Les variations entre les pays reflètent non seulement les conséquences économiques de la pandémie de COVID‑19 et la rigueur des mesures de confinement, mais aussi la mise en place ou non de dispositifs de maintien dans l’emploi. Ces dispositifs ont pour objectif de protéger les emplois dans les entreprises qui rencontrent une baisse temporaire de leur activité en allégeant les coûts salariaux tout en préservant le revenu de ceux qui travaillent à horaires réduits. S’ils ne sont pas spécifiquement ciblés sur les jeunes, ces dispositifs ont davantage été utilisés pour les jeunes travailleurs que pour les autres groupes d’âge, ce qui témoigne de la forte proportion de jeunes qui travaillent dans les secteurs les plus durement touchés par la crise (notamment dans l’hôtellerie-restauration et dans le commerce de gros et de détail). En Italie et en Suisse, plus de 25 % des jeunes travailleurs bénéficiaient de dispositifs de maintien dans l'emploi au deuxième trimestre de 2020 (OCDE, 2021[1]). Dans d’autres pays, comme le Chili et le Mexique, où le secteur informel est largement développé, de nombreux travailleurs ne peuvent prétendre à bénéficier des régimes de protection sociale.

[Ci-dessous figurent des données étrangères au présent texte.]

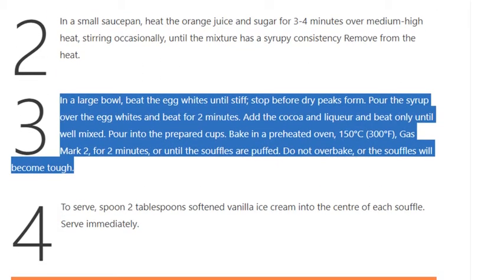Step 3: In a large bowl, beat the egg whites until stiff — stop before dry peaks form. Pour the syrup over the egg whites and beat for 2 minutes. Add the cocoa and liqueur and beat only until well mixed. Pour into the prepared cups. Bake in a preheated oven at 150°C (300°F, gas mark 2) for 12 minutes, or until the soufflés are puffed.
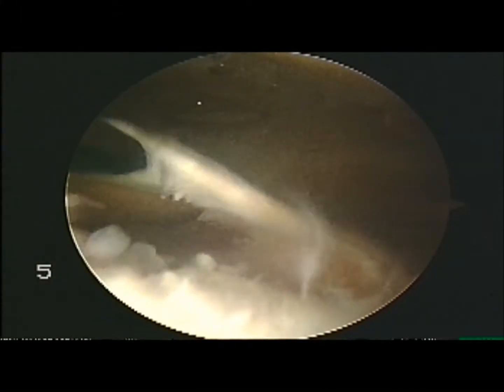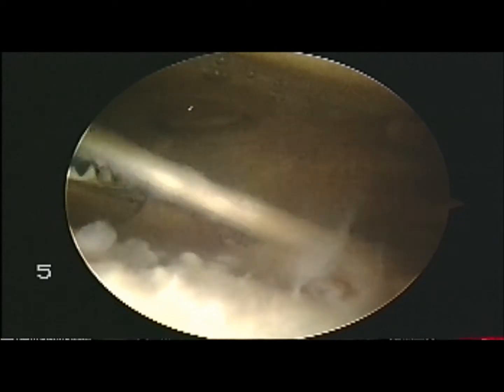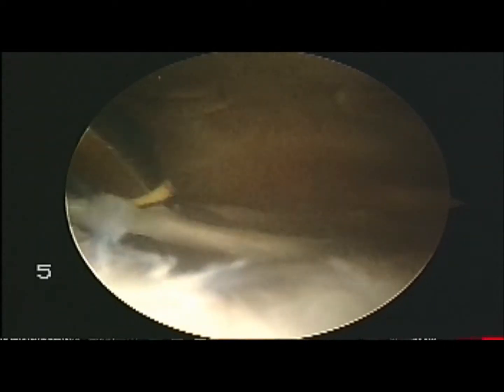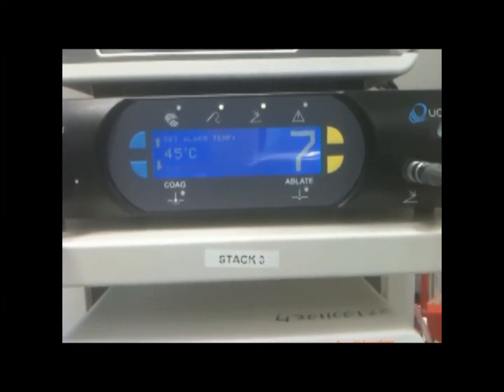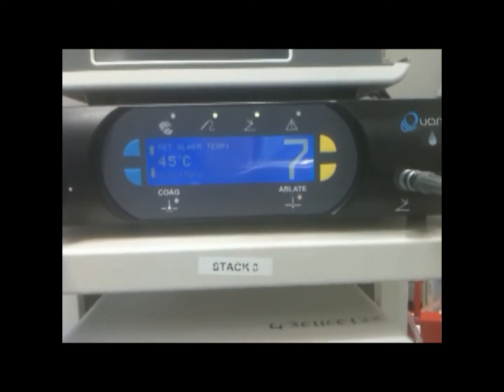Another great advantage of the ArthroCare Ambient over a shaver is that here you can see the shaver having difficulty dividing an intra-articular adhesion from bleeding, whereas the Ambient ArthroCare has no problem dividing that adhesion. It does it at a very low temperature — 36 degrees, 35 degrees, 34 degrees.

Les autres groupes d’âge font état de perturbations liées à l’emploi moins importantes. Parmi les 30‑49 ans, 12 % font état d’une perte d’emploi dans leur ménage et 46 % d’une forme de perturbation liée à l’emploi, contre 10 % et 37 % respectivement pour les 50‑64 ans (Graphique 1, partie B). Les différences entre les groupes d’âge sont particulièrement prononcées si l’on examine la réduction du temps de travail : 17 % des jeunes indiquent qu’eux-mêmes ou un membre de leur ménage ont vu leur temps de travail réduit ou ont été placés en chômage partiel pendant la pandémie de COVID‑19, contre 14 % seulement des 30‑49 ans et 9 % des 50‑64 ans, avec un écart statistiquement significatif entre les groupes les plus jeunes et les plus âgés dans 15 des 25 échantillons nationaux.

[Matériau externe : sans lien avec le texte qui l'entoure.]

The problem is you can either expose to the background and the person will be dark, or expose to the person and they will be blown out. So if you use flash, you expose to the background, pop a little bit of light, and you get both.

Certaines catégories de jeunes ont eu plus de difficultés que d’autres. Ce sont plus particulièrement les jeunes issus de classes sociales modestes qui déclarent avoir été durement touchés par la crise du COVID-19 : 61 % d’entre eux déclarent que leur ménage a connu une forme de perturbation liée à l’emploi et 21 % ont subi une perte d’emploi (Graphique 1, partie B). À titre de comparaison, les proportions correspondantes parmi les jeunes issus de la classe moyenne s’élèvent à 49 % et 13 % respectivement. Les jeunes peu à moyennement qualifiés et les femmes jeunes font aussi état d’une incidence légèrement plus importante des perturbations liées à l’emploi que les jeunes hautement qualifiés et les hommes jeunes, même si l’écart est minime.

 Les jeunes sont confrontés à des difficultés financières

Du fait des perturbations liées à l'emploi, les jeunes et leurs ménages ont du mal à boucler leurs fins de mois. Plus d’un jeune sur trois (36 %) déclare que son ménage a rencontré des difficultés financières depuis le début de la pandémie (Graphique 2). Cette proportion est plus élevée chez les 18‑29 ans que chez les 30‑49 ans (33 %) et les 50‑64 ans (26 %), et l’écart entre les groupes les plus jeunes et les plus âgés est statistiquement significatif dans 16 des 25 pays de l’OCDE considérés. On n’observe pas de réel écart entre les sexes parmi les jeunes.

 
Graphique 1. La moitié environ des ménages des jeunes ont subi une forme de perturbation liée à l’emploi
Pourcentage de répondants âgés de 18‑29 ans déclarant que leur ménage a subi une forme de perturbation liée à l’emploi ou une perte d’emploi (y compris emploi indépendant/propre entreprise) depuis le début de la pandémie de COVID‑19, 2020

Note : On a demandé aux répondants si, à un moment donné depuis le début de la pandémie de COVID-19, ils (ou un membre de leur ménage) avaient connu une ou plusieurs perturbations liées à l'emploi. Les options étaient les suivantes : perte d'emploi, perte d'emploi indépendant ou perte de son entreprise ; chômage technique ou dispositif de maintien dans l'emploi ; temps de travail réduit ou dispositif de chômage partiel ; salaire réduit par l'employeur ou perte de revenu d'un travail indépendant ou de sa propre entreprise ; congé (rémunéré ou non) ; démission. Les répondants pouvaient sélectionner toutes les options applicables. Les pourcentages montrent la part de répondants ayant sélectionné au moins une option. La classification par classe sociale s’appuie sur les déclarations des répondants, à qui on a demandé à quelle classe sociale ils pensaient appartenir. Les réponses possibles étaient les suivantes : « classe inférieure », « classe ouvrière », « classe moyenne », « classe moyenne supérieure », « classe supérieure » ou « préfère ne pas répondre ».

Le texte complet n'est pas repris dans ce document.